Government Dependency is Growing
May 21, 2002
A new study by William Beach of the Heritage Foundation documents Americans' growing reliance on government. While the rate of increase has slowed in recent years, the level of dependency is still climbing - and may be on the verge of another rapid expansion.
The study measures federal spending from 1962 to 2002 in five areas where similar private or community-based services also exist: housing aid, health and welfare support, retirement, post-secondary education and agricultural services.
- Dependency has grown by 117 percent since 1962 and 38 percent in the last two decades.
- It has grown 9 percent since George W. Bush took office.
- The government now spends 5 times as much on retirement programs, 8 times as much on education and 9 times as much on health and welfare as it did in 1962, after inflation.

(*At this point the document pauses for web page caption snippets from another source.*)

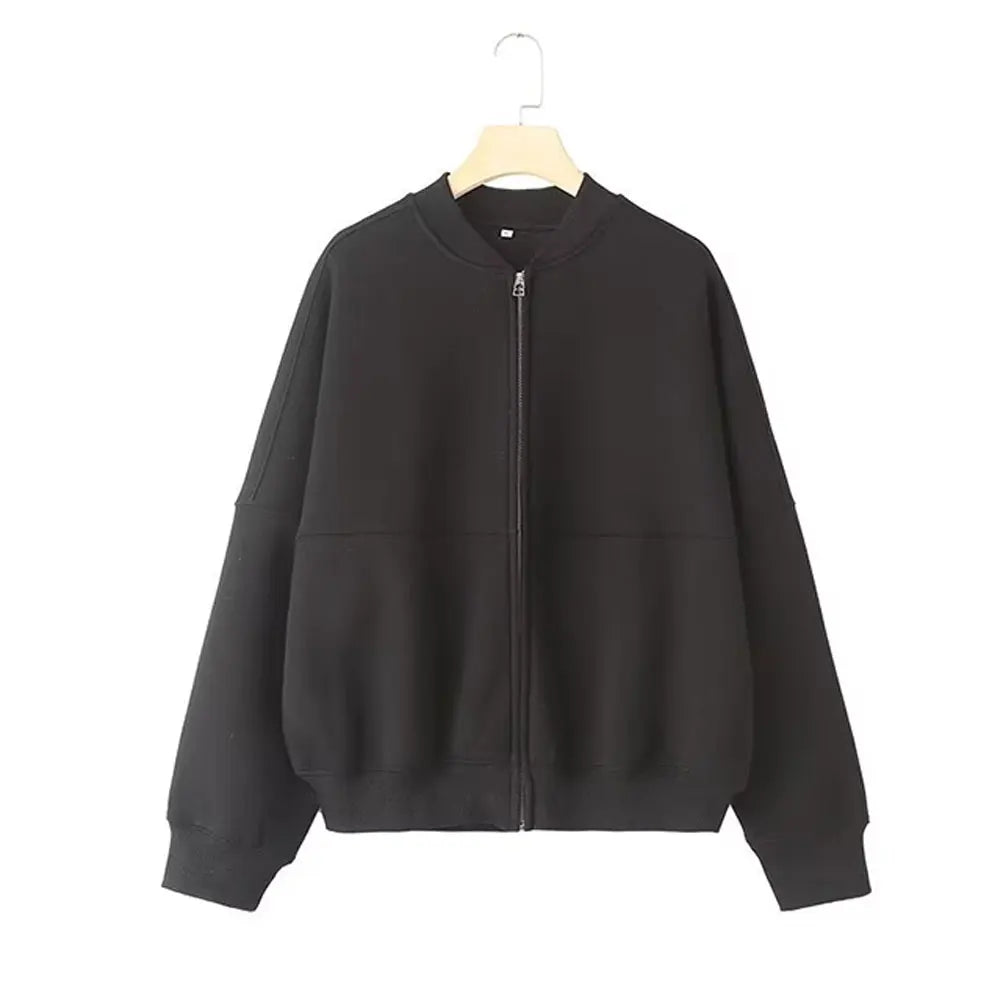 Chaqueta bomber retro de dos piezas con cremallera y pantalones anchos de cintura alta con cordones para mujer.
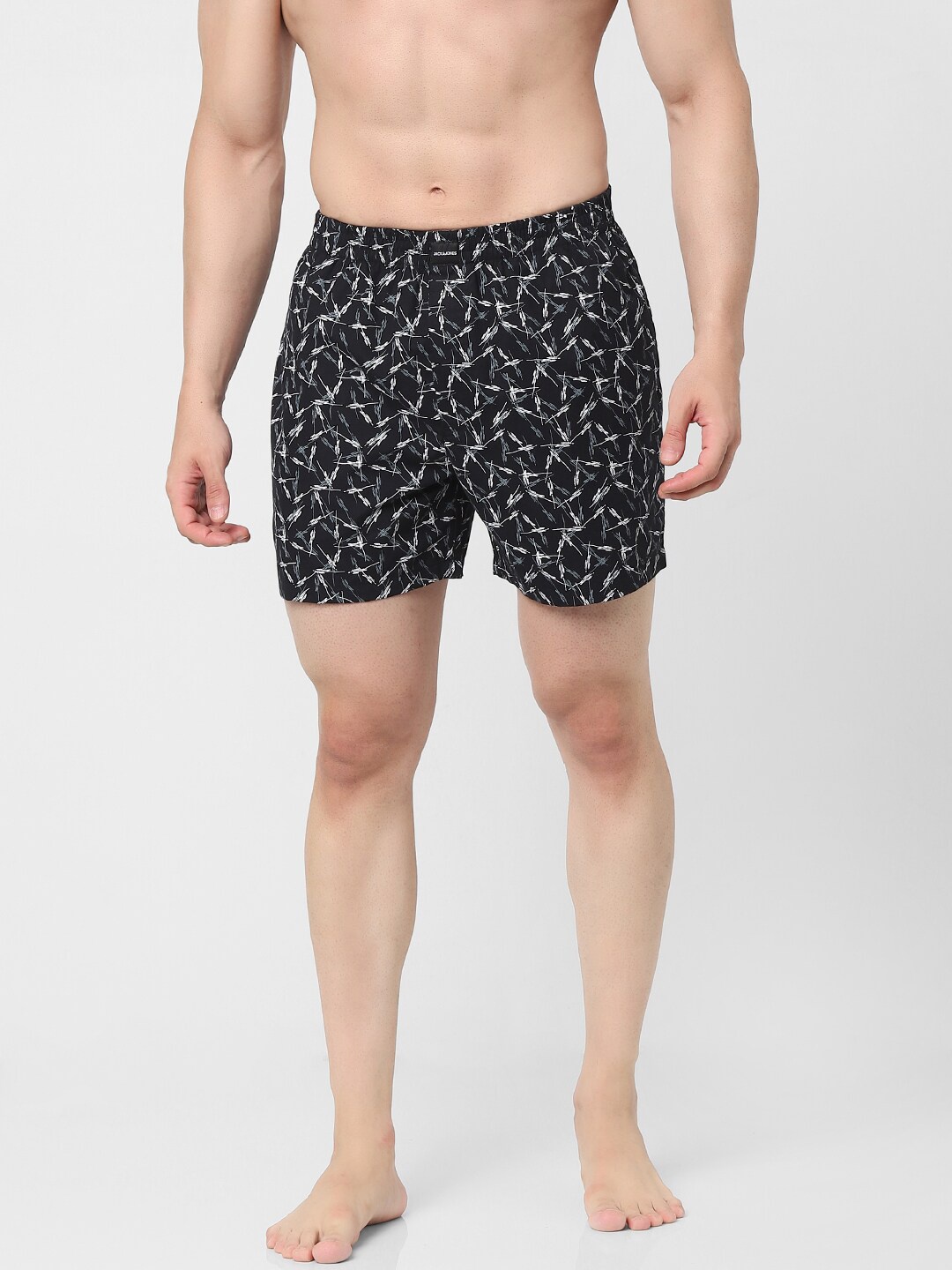 Jack & Jones Men Black & White Printed Boxers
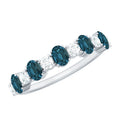 Oval London Blue Topaz Half Eternity Band Ring with Diamond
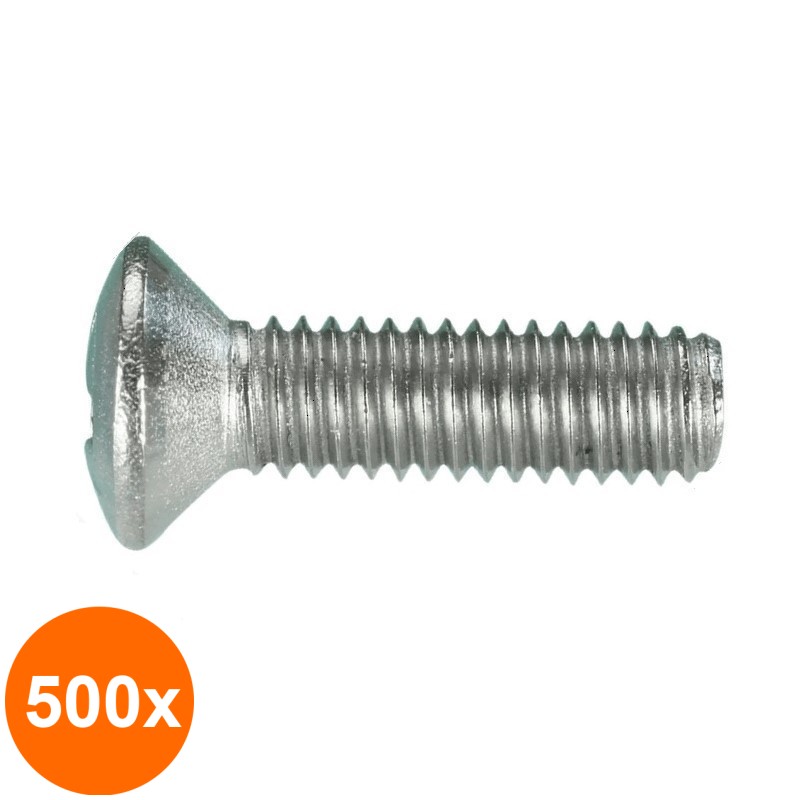 Set 500 x Surub Cap Semiinecat Locas Cruciform 966 Otel Gr.4.8 Zincat-M5 x 25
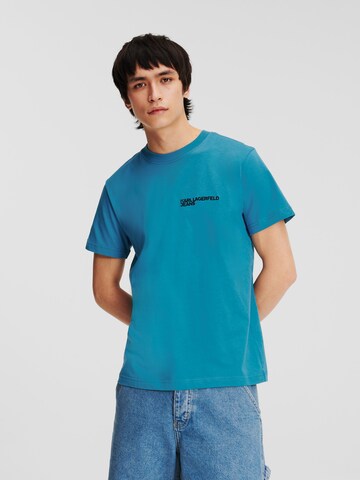 KARL LAGERFELD JEANS - Camiseta ' Logo Slim-Fit ' en azul: frente
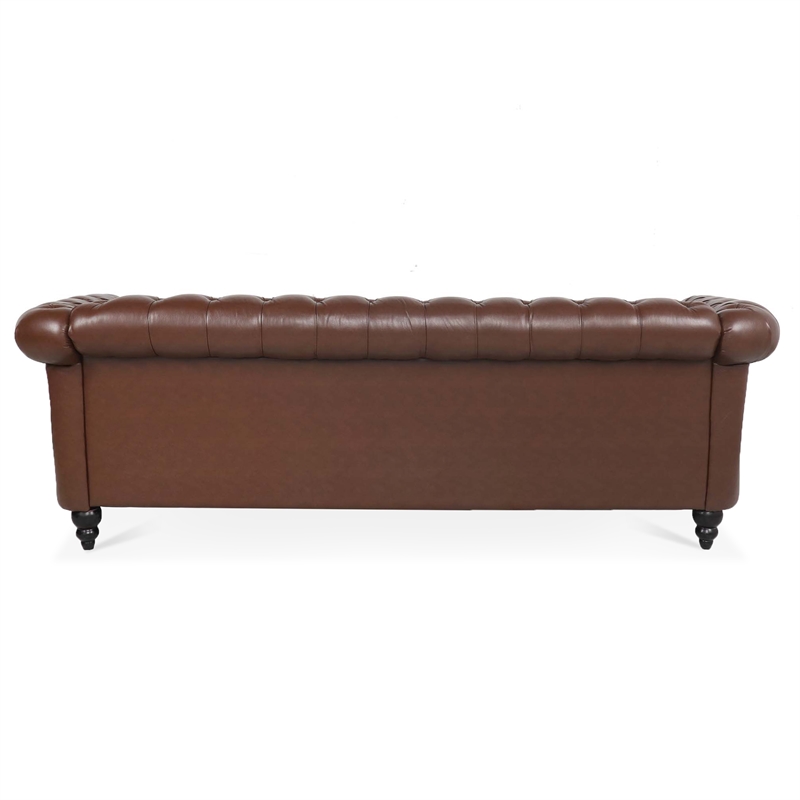 CRO Decor 84' BROWN PU Rolled Arm Chesterfield Three Seater Sofa (Dark Brown)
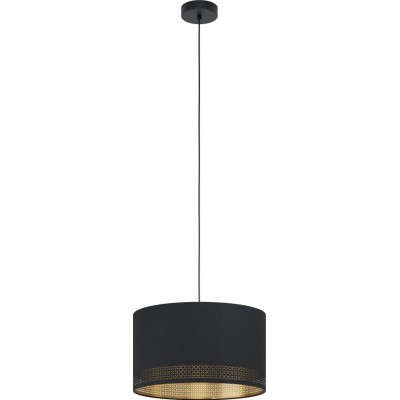 吊灯 Eglo Esteperra 圆柱型 形状 Ø 38 cm. 客厅, 厨房 和 饭厅. 复杂的 和 设计 风格. 钢 和 纺织品. 金的 和 黑色的 颜色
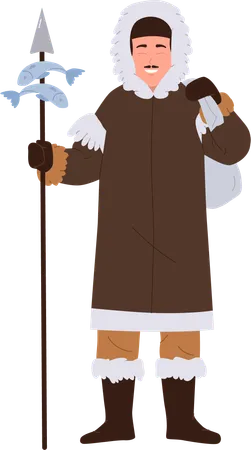Eskimos fisherman wearing native clothes holding fishing spear with catch  Illustration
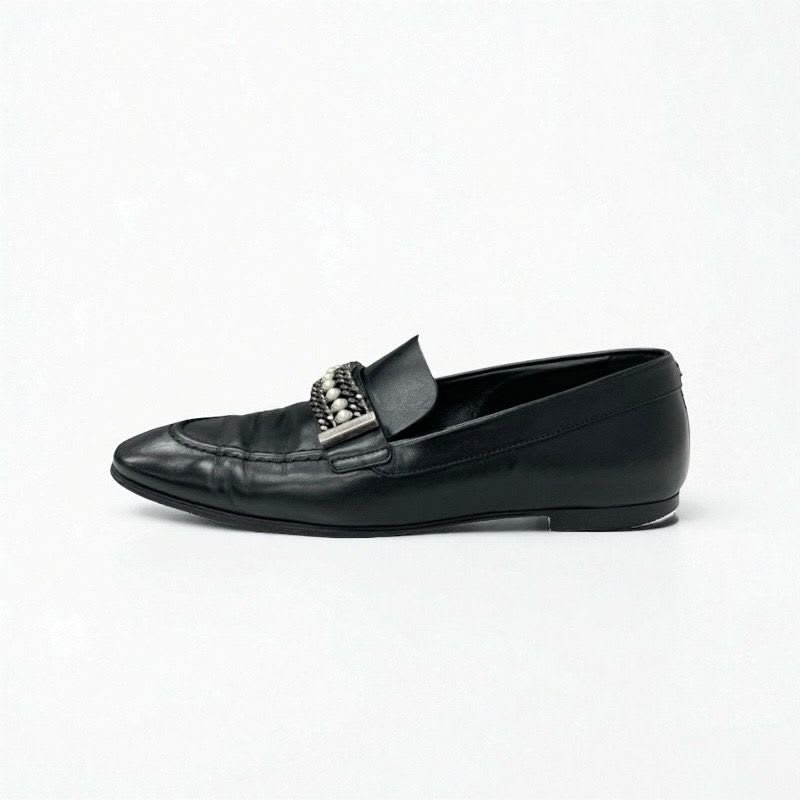 Chanel Loafer Leather Shoes Black Coco Mark Pearl Chain Flat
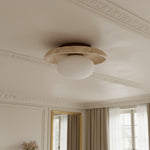 Load image into Gallery viewer, Calivra Modern Travertine Round Ceiling Light - Minimalist Flush Mount Lamp for Hallway and Bedroom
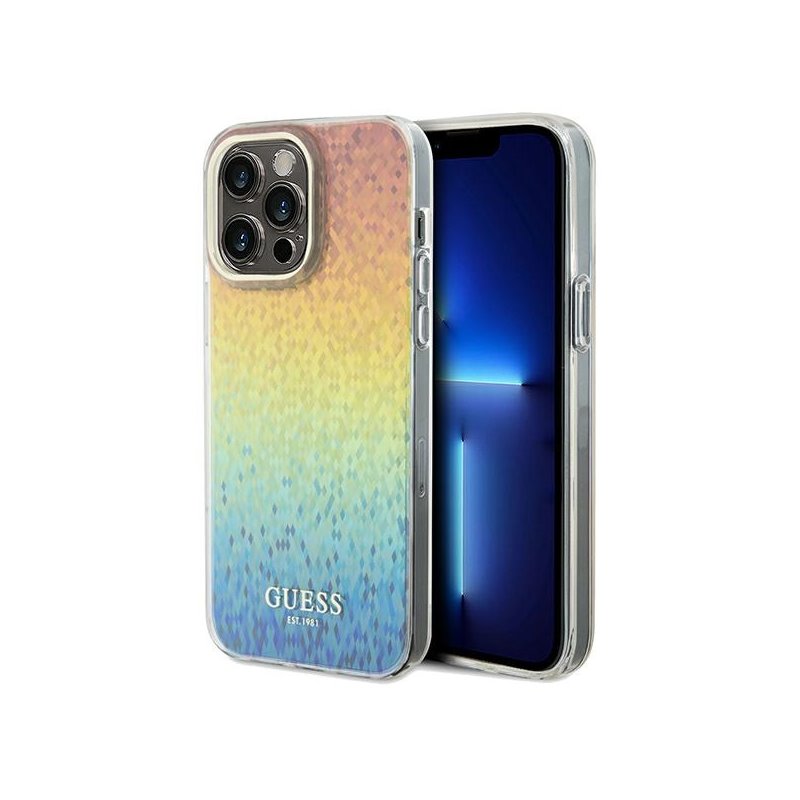 Guess iPhone 13/13 Pro hardcase IML Faceted Mirror Disco Iridescent Guess iPhone 13/13 Pro hardcase IML Faceted Mirror Disco Iridescent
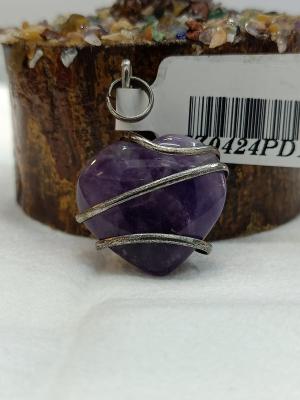 Natural Heart Shape Amethyst Pendant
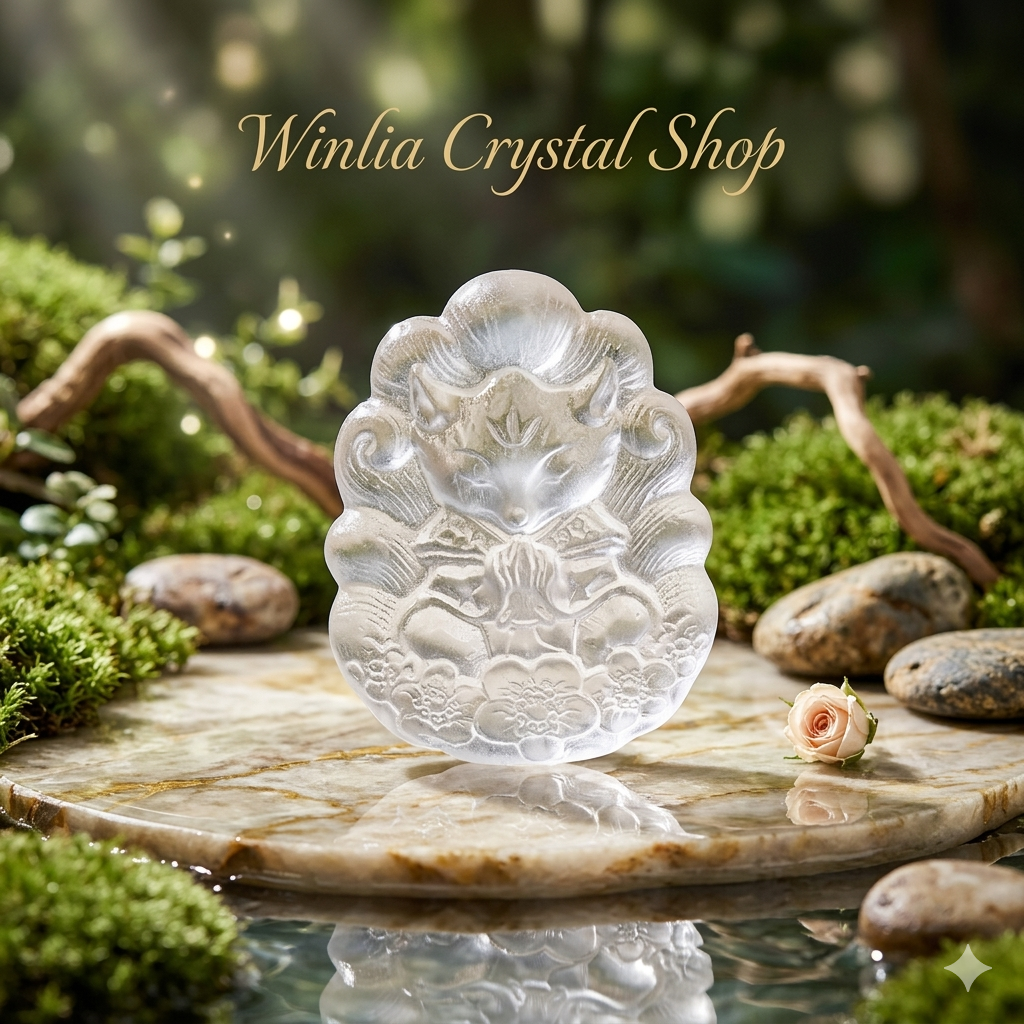 Selenite Fox Carving Pajangan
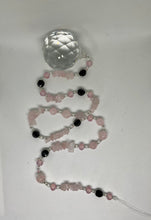 Load image into Gallery viewer, Hanging Crystal-Rose Quartz &amp; Black
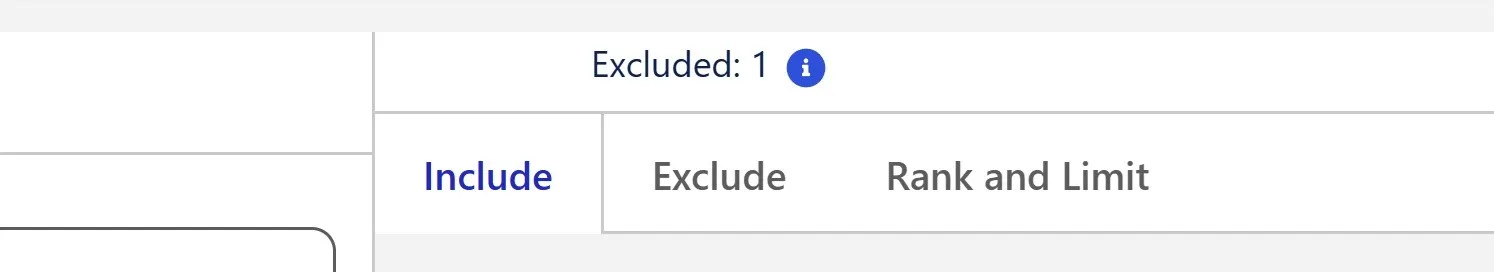 Include, Exclude, and Rank & Limit tabs on the segment canvas
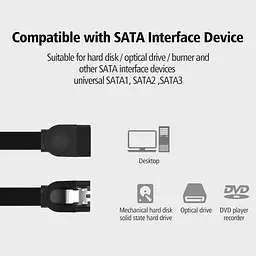Кабель SATA Serial ATA III Ugreen US217 з блокувальною клямкою 0.5м, Кутовий конектор Чорний (30797) - мініатюра 3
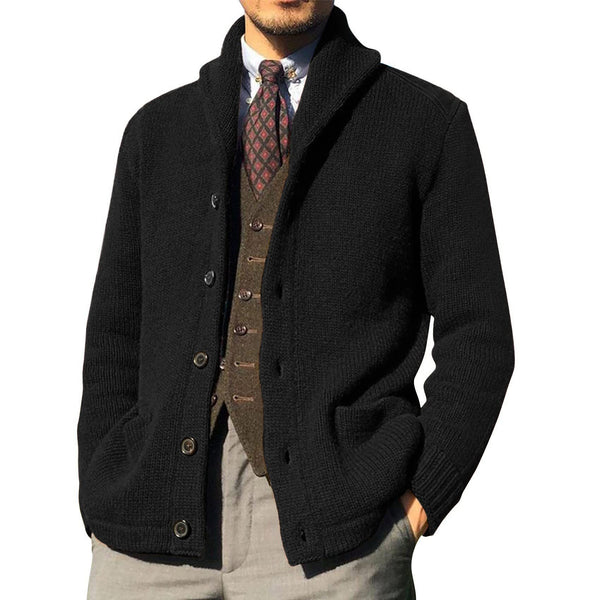 Men's Solid Color Gentleman Long Sleeve Knit Cardigan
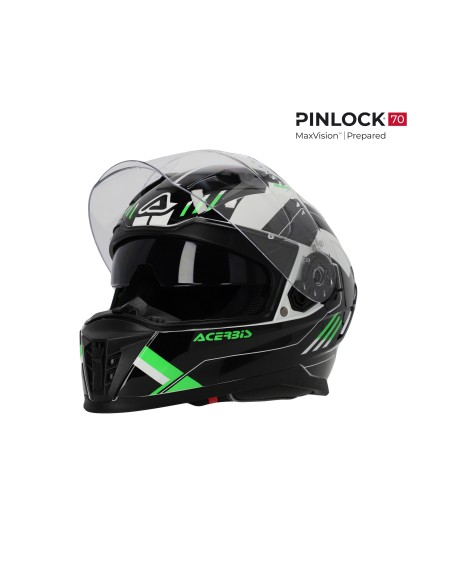 casco integral acerbis homologacion 22 06 negro y verde 0026016 325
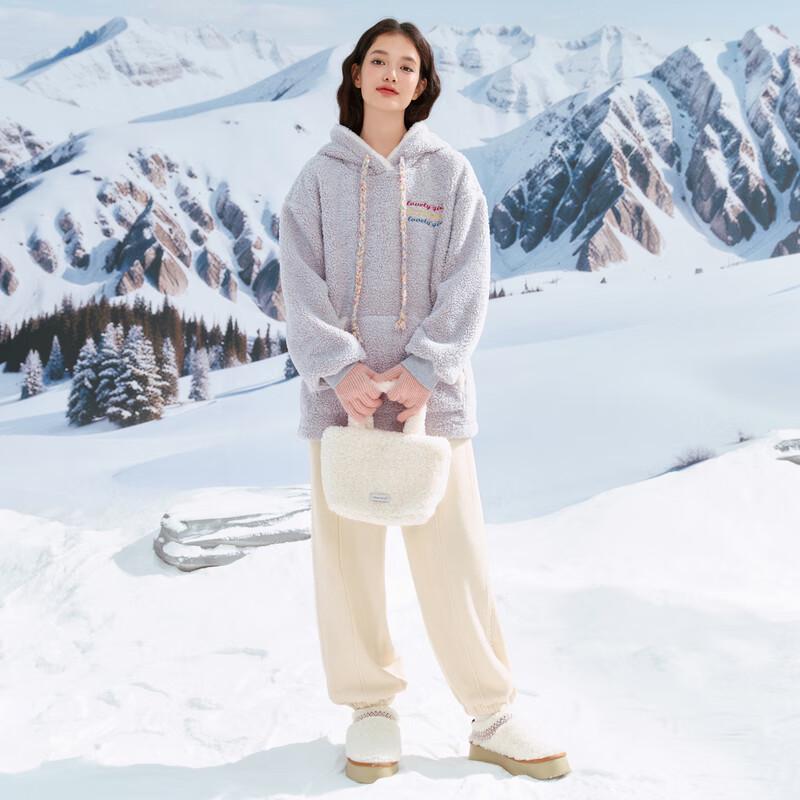 Leding Oversized Lamb Fleece Hooded Sweatshirt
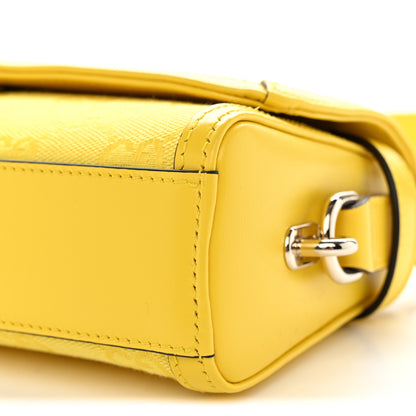 Gucci GG Monogram Textured Dollar Calfskin Small Luce Shoulder Bag Yellow 10 of 10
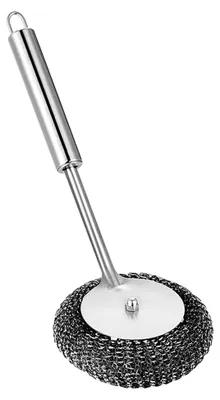 Produktbild von Topfreiniger aus Edelstahl, Scheuerbürste mit Griff, Scheuerschwamm aus Stahlwolle, Küchenreinigungsbürste für Küche, Waschbecken, Ofen, Restaurant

- Nearly 27 million people depended on federal government in 1962, while 70.6 million do today - a 162 percent rise, or 3 times the rate of the population growth.
While the rate of growth has slowed recently, it continues. The study estimates it will grow 50 percent over the next 20 years, absent policy changes.
- The growth was modest at first - even falling during the Kennedy administration 13.4 percent due to drops in federal housing assistance.
- President Johnson's Great Society brought a 115.6 percent rise in the next six years.
- Richard Nixon expanded many of Johnson's programs, and the index rose 50.4 percent from 1969 to 1973.
- The index grew 37 percent under President Ford, 24 percent under President Carter and 16.5 percent under the first President Bush.
The index dropped slightly under Presidents Reagan and Clinton.